TOMOHON, SwaraNTT.net – Apabila mendengar kata sayur organik, yang terbenak dalam pikiran adalah sayur mayur yang dibudidayakan tanpa menggunakan bahan kimia sintetis. Lahan yang berdampingan langsung dengan sumber pembangkit listrik panas bumi Lahendong, tepatnya di kelurahan Tonsewar, kabupaten Minahasa, ada sosok pemuda yang sukses menekuni usahanya dalam bercocok tanam (sayur mayur).
Herald Kaat, telah enam belas (16) tahun menjadi petani sayur dalam kesehariannya hidup berdampingan langsung dengan pembangkit listrik tenaga panas bumi (Geothermal) milik PT. Pertamina Geothermal Energy, anak usaha PT Pertamina (Persero).

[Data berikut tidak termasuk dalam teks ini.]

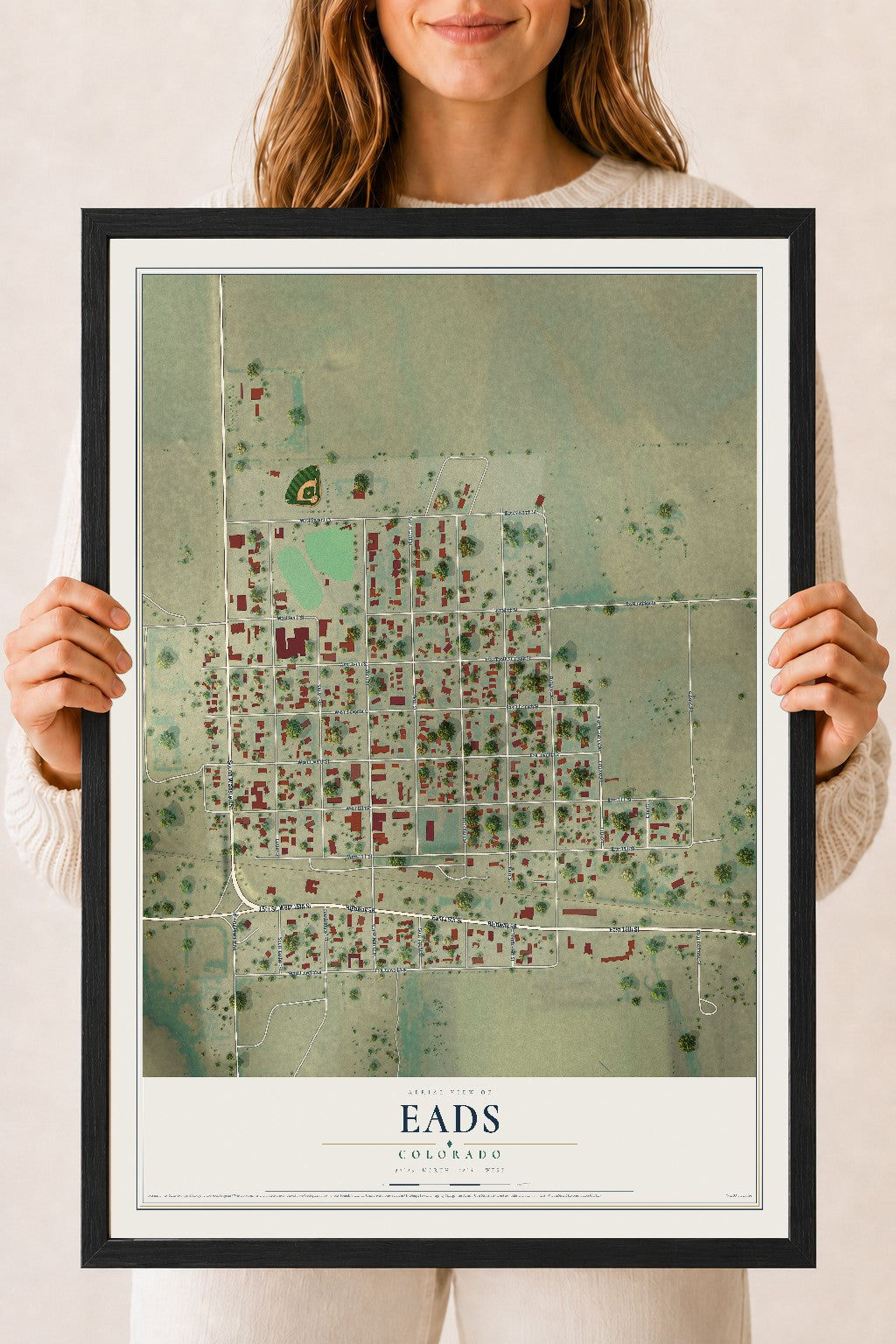 Map of Eads, Colorado, 18 x 24 inch print in a black wood frame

Diatas tanah seluas 1 hektar lebih, Hera sapaan akrabnya mengaku sejak kecil sudah menjadi petani sayur sebelum PLTP Lahendong beroperasi.

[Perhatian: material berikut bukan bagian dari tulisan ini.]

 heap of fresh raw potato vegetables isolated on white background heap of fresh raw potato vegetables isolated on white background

Kisah Hera ‘menanam harapan’ menjadi kisah inspiratif dari petani sayur organik yang berhasil mengembangkan budidaya tanaman sayurannya secara otodidak.
Berangkat dari kesungguhan niat berkebun serta menanam harapan lewat budidaya tanaman hortikultura awal niat yang dilakoni oleh Hera.
Ditengah banyak orang teriaki kerusakan lingkungan sebut dampak buruk dari pembangunan Geothermal, namun sangat berbeda jauh dengan kondisi lingkungan yang ada sekitar pembangkit panas bumi Lahendong.
Diceritakan Hera, 20 tahun lalu pun di wilayahnya ada banyak pihak menebarkan isu serupa (kerusakan lingkungan) oleh orang-orang yang mengaku peduli terhadap lingkungan agar para petani dan pemilik lahan disekitar kawasan pembangunan menolak rencana pembangunan proyek panas bumi.
“Dulu juga disini dibuat isu akan terjadi kerusakan lingkungan, tanah akan rusak dan tanaman pertanian tidak hasil,” ucap Hera saat ditemui media ini, pada Selasa 11 Maret 2025.
Hingga 20 tahun PLTP Lahendong beroperasi, sebut Hera, isu kerusakan lingkungan khususnya dampak buruk terhadap pertanian warga sekitar area pembangkit tidak ia rasakan.